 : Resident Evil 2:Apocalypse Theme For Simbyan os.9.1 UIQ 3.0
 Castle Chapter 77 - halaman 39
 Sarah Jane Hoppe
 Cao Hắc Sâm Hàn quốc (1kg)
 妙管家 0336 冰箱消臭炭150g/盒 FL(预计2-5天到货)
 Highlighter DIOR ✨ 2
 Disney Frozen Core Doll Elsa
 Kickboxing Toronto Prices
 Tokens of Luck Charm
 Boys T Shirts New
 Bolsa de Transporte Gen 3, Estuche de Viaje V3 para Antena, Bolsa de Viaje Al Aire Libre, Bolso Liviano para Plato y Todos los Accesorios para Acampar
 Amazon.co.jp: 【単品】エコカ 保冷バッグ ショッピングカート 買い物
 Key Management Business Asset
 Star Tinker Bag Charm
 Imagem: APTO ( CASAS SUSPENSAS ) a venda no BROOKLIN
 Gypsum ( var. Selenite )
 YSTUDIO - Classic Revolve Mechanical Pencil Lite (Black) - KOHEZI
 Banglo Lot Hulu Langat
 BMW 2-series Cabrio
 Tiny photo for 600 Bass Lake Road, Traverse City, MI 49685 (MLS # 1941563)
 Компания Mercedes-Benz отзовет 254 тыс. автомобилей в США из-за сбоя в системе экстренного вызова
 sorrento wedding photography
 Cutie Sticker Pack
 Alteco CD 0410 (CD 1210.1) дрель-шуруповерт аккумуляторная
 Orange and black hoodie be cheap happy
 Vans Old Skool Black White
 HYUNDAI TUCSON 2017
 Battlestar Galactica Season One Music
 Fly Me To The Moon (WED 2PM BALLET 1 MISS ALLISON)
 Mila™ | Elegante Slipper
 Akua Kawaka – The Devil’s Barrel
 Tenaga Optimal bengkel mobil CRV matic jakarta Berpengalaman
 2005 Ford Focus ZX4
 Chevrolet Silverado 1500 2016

## Instructions to follow
Output the line containing "Mila™ | Elegante Slipper" and all lines after it to the end of the records, exactly as given.

## Response to the task
 Mila™ | Elegante Slipper
 Akua Kawaka – The Devil’s Barrel
 Tenaga Optimal bengkel mobil CRV matic jakarta Berpengalaman
 2005 Ford Focus ZX4
 Chevrolet Silverado 1500 2016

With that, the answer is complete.